Short web captions:
┌──

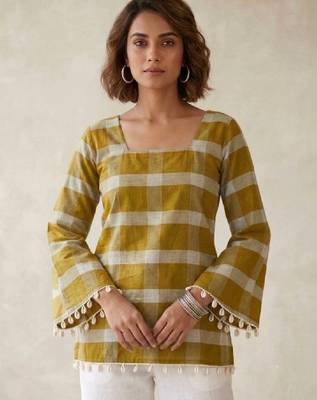 Women bell sleeves kurta 4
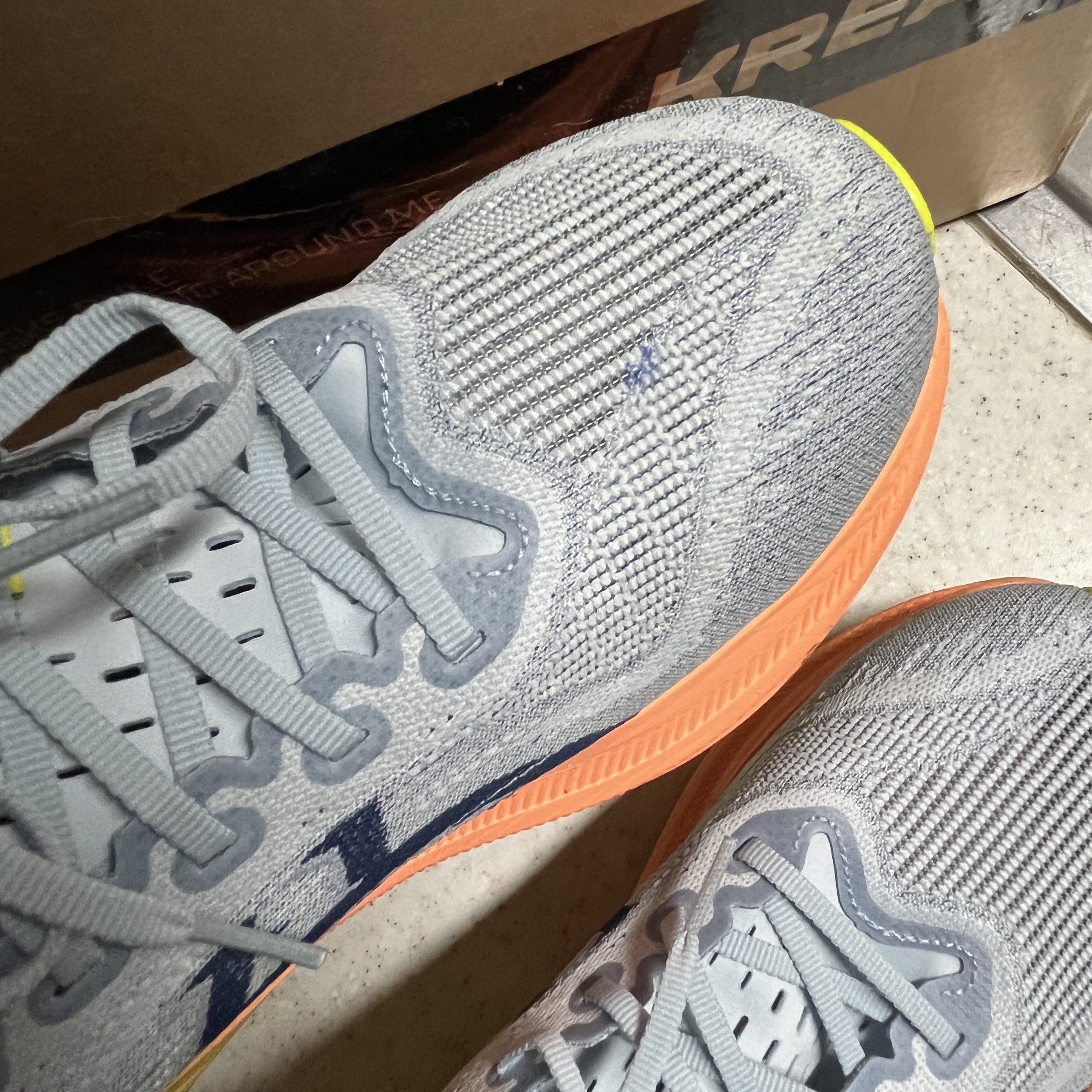 Asics Superblast 2 Paris Cool Grey Safety Yellow 착용 스타일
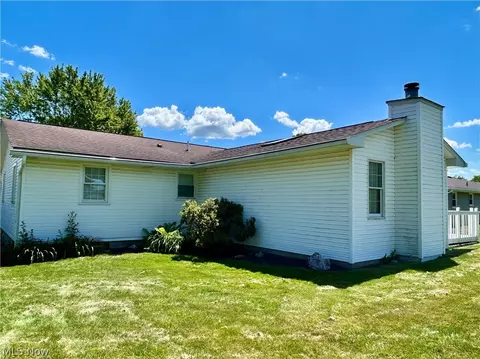Exterior - 172 Lake Shore Dr, Struthers, OH 44471 photo 5 of 9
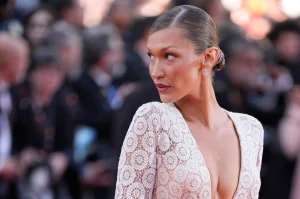 Bella Hadid suffers a new relapse of Lyme and tells it through tears on Instagram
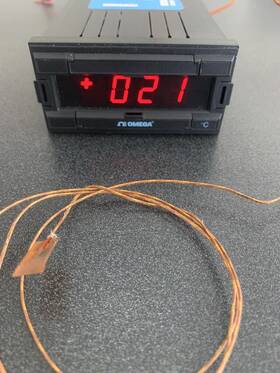 Dp18-kc-a01 Omega 152823/1997 Engineering Temperature Controller And Thermocouples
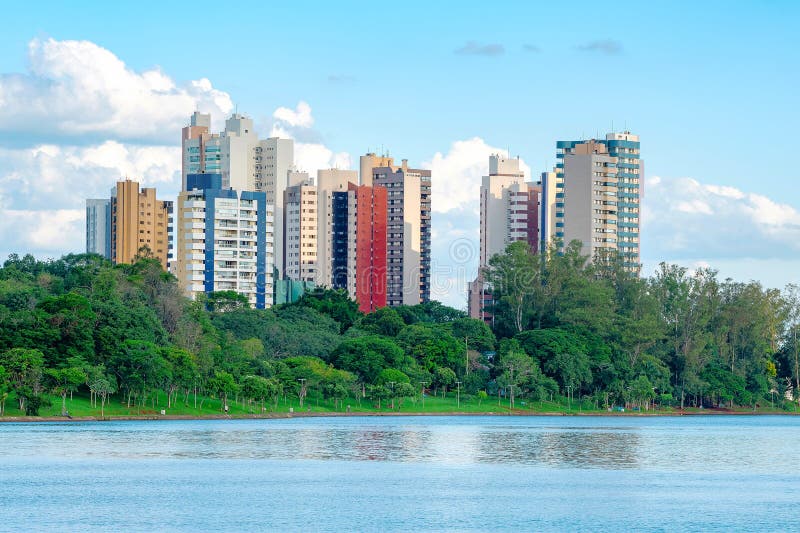 Lago Igapo No Natal Londrina Pr Brasil Foto de Stock - Imagem de desengate,  bonito: 171697034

└──

Work to be completed -> From the first line above down to the line with "Bella Hadid suffers", reproduce every line and no others, omitting pictures.

Worked solution ->
 Women bell sleeves kurta 4
 Asics Superblast 2 Paris Cool Grey Safety Yellow 착용 스타일
Exterior - 172 Lake Shore Dr, Struthers, OH 44471 photo 5 of 9
 Bella Hadid suffers a new relapse of Lyme and tells it through tears on Instagram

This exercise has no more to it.